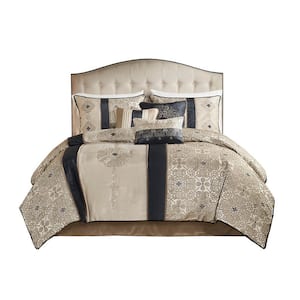 7-Piece Black Polyester Queen Comforter Set with Throw Pillows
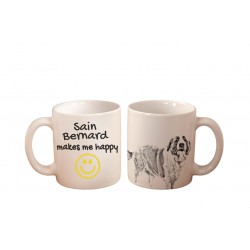 San bernardo - una taza con un perro. "... makes me happy". Alta calidad taza de cerámica.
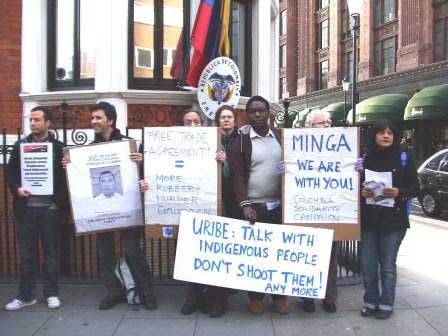 emergency picket of the Colombian embassy in London on Friday 21 November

# WORK TO BE COMPLETED:
Leaving the pictures out, transcribe word for word the lines from the one with "San bernardo - una" to the end of the material above, inclusive, and nothing else.

# ANSWER SPACE:
 San bernardo - una taza con un perro. "... makes me happy". Alta calidad taza de cerámica.
 emergency picket of the Colombian embassy in London on Friday 21 November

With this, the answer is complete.